(Beginning of DATA EXTRACT)
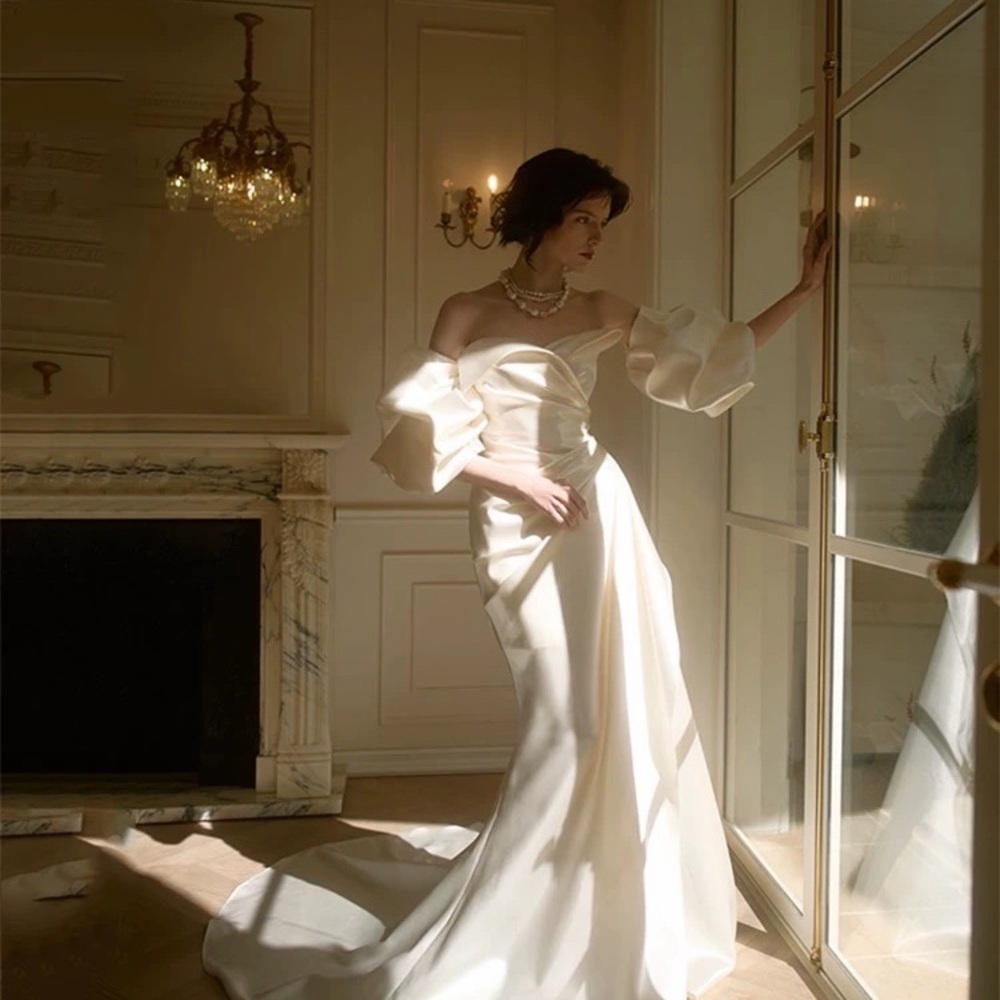 Elegant Strapless Satin Wedding Dress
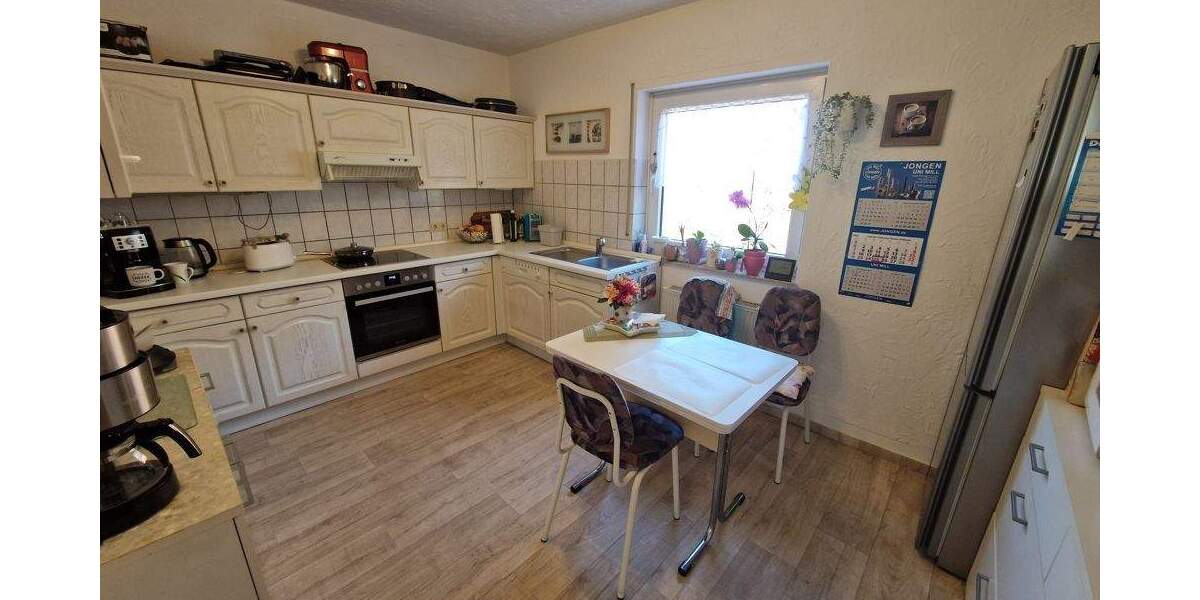 Etagenwohnung Kreuztal Ferndorf - 4 Zimmer, 102 m&sup2;, 290.000&euro; | Angebot:25387827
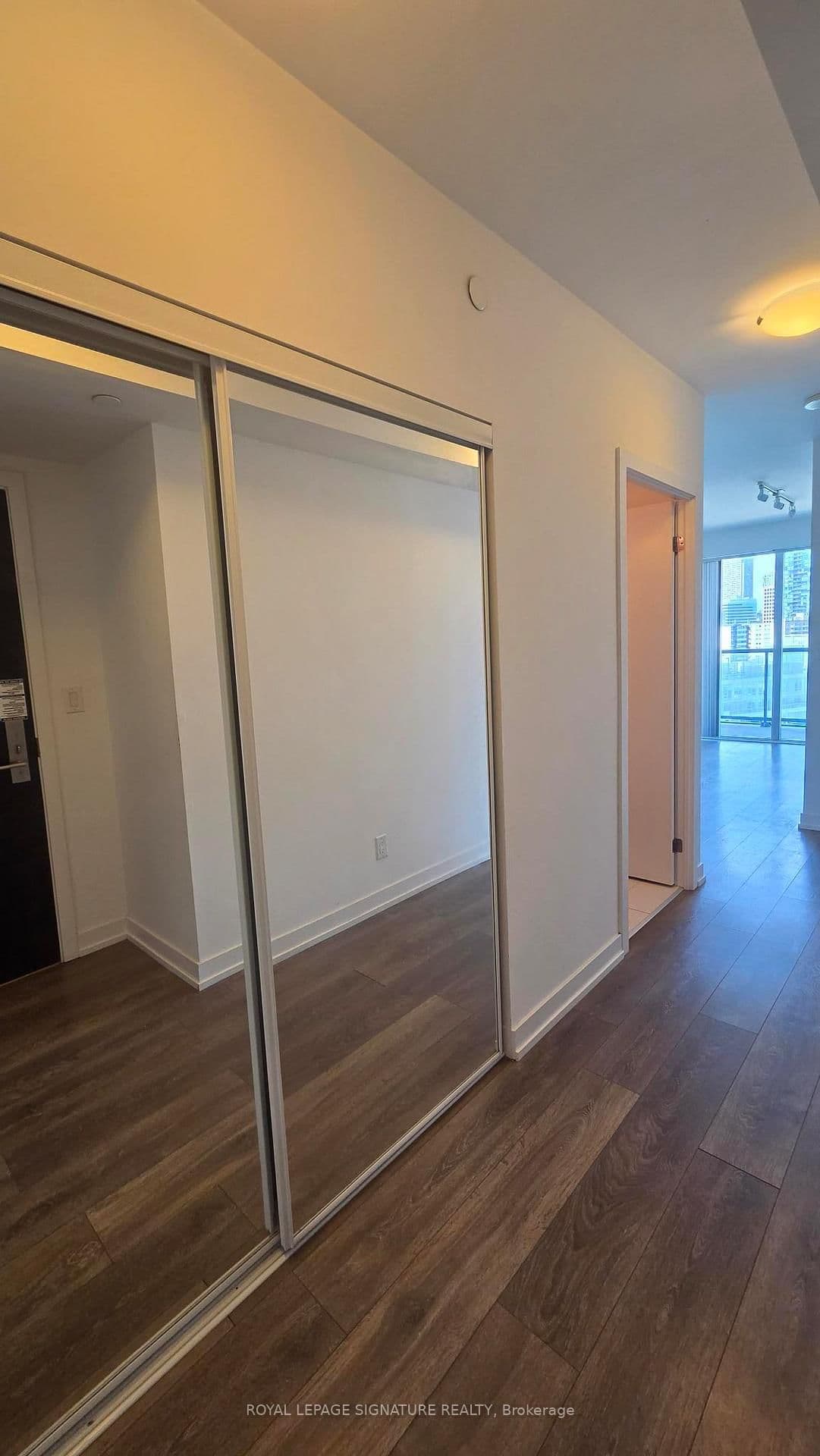 159 Wellesley Street E, Unit 1009 thumbnail 20
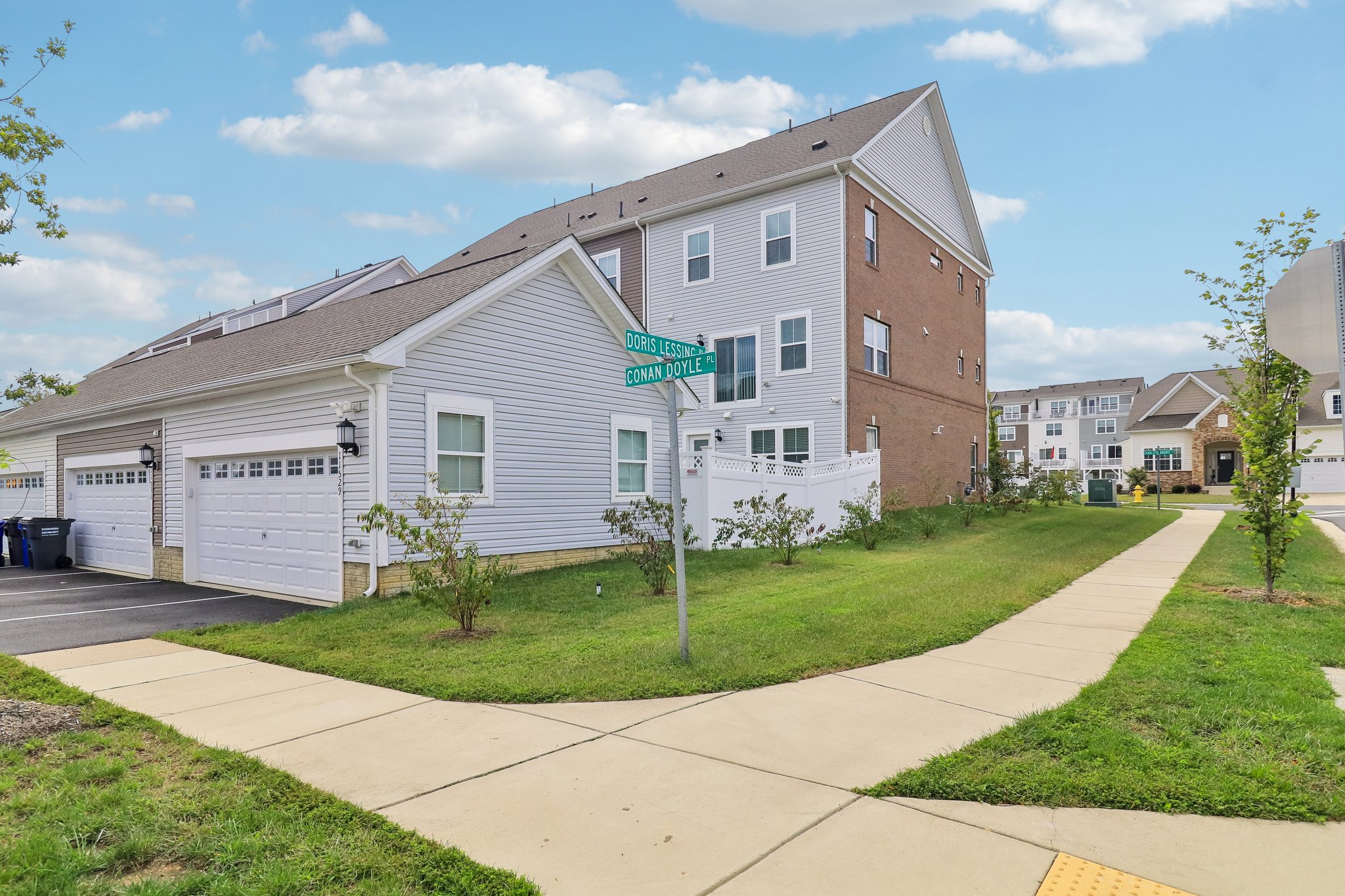 Charlotte Bronte Ln-S3009-053.jpg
(End of DATA EXTRACT)
EXERCISE
What belongs in the answer is each line above, reproduced exactly, and no picture.

ANSWER FOR THE TASK
 Elegant Strapless Satin Wedding Dress
 Etagenwohnung Kreuztal Ferndorf - 4 Zimmer, 102 m&sup2;, 290.000&euro; | Angebot:25387827
 159 Wellesley Street E, Unit 1009 thumbnail 20
 Charlotte Bronte Ln-S3009-053.jpg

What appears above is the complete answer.